• **TASK TO COMPLETE**
Filter the entries that follow, copying every line in which the word "кедровой" appears.

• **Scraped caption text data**
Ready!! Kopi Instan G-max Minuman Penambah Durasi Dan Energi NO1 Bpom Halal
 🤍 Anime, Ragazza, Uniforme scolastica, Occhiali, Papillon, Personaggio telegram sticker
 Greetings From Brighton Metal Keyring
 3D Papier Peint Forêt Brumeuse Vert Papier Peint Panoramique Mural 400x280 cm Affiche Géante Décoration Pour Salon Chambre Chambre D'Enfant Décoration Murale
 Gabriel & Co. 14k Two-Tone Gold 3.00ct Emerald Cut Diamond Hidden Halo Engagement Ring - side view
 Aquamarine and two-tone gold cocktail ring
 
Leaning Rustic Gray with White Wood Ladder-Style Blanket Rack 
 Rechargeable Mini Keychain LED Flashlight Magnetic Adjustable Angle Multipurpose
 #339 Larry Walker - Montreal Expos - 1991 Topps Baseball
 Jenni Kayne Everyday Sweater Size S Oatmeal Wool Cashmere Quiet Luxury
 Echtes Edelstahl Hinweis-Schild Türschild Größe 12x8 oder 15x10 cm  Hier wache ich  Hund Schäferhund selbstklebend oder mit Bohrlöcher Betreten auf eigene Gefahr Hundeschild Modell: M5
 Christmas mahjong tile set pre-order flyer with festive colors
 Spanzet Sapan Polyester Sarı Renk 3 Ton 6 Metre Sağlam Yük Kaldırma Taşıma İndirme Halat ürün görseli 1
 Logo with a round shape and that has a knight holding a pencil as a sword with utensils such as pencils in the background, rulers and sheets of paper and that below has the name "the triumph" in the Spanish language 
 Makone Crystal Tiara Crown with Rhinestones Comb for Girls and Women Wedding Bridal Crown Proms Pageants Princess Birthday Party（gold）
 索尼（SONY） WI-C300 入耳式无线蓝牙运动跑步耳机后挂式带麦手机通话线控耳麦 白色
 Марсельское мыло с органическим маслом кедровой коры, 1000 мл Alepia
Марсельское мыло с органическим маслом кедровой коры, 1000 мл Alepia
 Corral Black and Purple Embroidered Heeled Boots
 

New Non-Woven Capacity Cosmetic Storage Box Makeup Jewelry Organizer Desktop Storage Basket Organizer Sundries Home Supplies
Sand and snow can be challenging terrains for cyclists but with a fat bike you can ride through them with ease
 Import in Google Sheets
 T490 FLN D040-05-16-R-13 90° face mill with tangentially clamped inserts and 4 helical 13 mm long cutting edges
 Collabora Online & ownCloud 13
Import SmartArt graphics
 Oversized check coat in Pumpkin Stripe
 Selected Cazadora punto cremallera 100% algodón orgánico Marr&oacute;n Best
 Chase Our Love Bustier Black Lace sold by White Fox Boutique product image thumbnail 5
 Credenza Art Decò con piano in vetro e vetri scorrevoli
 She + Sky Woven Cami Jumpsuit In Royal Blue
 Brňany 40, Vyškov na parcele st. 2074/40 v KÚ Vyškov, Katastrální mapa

• **WRITTEN RESPONSE**
 Марсельское мыло с органическим маслом кедровой коры, 1000 мл Alepia
Марсельское мыло с органическим маслом кедровой коры, 1000 мл Alepia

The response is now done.